The father of a teenager stabbed in the heart with a flick knife says he will never give up fighting for justice.

Ghaleb Makki's son Yousef died in Hale Barns, Greater Manchester, on 2 March.

A 17-year-old boy was found not guilty of murder and manslaughter. He and another youth admitted possessing a knife and will be sentenced next week.

Mr Makki said: "I will leave no stone unturned until I get justice for my son. That's a promise I made when I went to his grave after the verdict."

Yousef, 17, was stabbed in the heart in the village of Hale Barns, which is popular with footballers and celebrities.

One of his friends, known as Boy A, argued he acted in self-defence and was cleared of murder and manslaughter on Friday.

Yousef's sister, Jade Akoum, said the family was "so shocked" by the verdict.

"I think even the police and everyone who was on the case were shocked about the verdicts as well.

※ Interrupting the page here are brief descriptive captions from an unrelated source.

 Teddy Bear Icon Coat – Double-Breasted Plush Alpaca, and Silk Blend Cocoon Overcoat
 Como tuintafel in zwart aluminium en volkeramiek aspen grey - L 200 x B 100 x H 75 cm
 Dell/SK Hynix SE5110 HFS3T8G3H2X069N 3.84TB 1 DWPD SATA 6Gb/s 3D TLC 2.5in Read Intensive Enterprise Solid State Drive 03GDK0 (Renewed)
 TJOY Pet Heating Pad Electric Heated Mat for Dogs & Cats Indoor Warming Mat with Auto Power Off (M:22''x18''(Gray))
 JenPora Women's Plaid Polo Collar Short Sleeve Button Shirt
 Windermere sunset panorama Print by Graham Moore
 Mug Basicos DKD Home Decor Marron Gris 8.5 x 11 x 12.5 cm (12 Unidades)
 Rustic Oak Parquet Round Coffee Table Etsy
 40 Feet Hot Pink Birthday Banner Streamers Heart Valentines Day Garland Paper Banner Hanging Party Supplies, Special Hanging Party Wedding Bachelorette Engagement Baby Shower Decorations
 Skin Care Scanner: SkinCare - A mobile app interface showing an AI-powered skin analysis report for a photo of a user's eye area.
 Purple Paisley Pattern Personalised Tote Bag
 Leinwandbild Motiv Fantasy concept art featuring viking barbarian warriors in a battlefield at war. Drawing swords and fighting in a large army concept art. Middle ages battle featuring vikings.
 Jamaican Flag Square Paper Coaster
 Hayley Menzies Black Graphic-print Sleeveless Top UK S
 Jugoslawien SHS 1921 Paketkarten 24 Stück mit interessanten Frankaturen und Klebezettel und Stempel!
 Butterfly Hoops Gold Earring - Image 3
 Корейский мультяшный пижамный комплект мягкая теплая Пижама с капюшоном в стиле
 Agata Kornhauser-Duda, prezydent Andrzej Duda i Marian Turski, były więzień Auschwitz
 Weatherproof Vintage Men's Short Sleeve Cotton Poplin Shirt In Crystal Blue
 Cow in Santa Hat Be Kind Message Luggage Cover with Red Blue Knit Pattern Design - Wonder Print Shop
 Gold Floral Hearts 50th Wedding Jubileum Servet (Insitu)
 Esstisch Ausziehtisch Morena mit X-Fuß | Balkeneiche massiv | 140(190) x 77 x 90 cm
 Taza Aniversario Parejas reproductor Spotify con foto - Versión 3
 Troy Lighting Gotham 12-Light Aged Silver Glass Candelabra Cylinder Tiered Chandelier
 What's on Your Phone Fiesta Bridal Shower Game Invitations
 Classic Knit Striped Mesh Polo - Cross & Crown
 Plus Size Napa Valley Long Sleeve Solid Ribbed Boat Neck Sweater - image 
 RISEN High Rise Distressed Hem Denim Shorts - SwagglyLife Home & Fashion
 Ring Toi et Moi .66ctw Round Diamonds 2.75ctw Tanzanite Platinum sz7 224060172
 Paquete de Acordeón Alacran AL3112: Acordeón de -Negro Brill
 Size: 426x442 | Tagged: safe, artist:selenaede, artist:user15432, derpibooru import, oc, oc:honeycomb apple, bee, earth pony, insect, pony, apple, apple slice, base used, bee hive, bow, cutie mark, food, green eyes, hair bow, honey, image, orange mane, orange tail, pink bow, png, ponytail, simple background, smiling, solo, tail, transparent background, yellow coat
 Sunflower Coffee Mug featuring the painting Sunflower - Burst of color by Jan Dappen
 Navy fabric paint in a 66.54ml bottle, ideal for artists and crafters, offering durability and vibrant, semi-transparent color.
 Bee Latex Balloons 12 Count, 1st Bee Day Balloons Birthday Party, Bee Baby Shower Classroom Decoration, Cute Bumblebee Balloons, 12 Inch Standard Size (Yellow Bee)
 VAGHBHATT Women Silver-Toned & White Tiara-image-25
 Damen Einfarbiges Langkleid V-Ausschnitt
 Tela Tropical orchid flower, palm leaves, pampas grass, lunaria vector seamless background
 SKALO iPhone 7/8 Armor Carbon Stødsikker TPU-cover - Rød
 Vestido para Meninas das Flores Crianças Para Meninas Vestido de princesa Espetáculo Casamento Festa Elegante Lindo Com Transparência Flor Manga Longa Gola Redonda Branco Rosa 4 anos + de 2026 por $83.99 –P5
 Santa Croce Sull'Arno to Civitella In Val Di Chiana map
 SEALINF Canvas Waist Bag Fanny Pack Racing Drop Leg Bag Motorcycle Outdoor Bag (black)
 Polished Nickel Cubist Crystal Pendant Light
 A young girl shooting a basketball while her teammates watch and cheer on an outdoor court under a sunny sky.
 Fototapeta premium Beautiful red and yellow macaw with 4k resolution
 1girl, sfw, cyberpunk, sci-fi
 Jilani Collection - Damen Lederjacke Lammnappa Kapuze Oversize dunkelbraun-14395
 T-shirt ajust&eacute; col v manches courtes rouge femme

We definitely were not expecting that."

Image copyright Family handout
Image caption Yousef Makki was "extremely intelligent" and "humble", his sister said

Mr Makki said the moment the verdict was given "was like watching and witnessing Yousef being stabbed right in front of me but this time from the official who is supposed to protect him, who is supposed to do justice for him."

He said he had been worried that the privileged background of the accused might influence the verdict and raised this issue when he met the Crown Prosecution Service and police before the trial.

"I was worried. My main worry came from when the police told me they had never witnessed in their lifetime someone accused of murder, on trial for murder, and being granted bail," he said.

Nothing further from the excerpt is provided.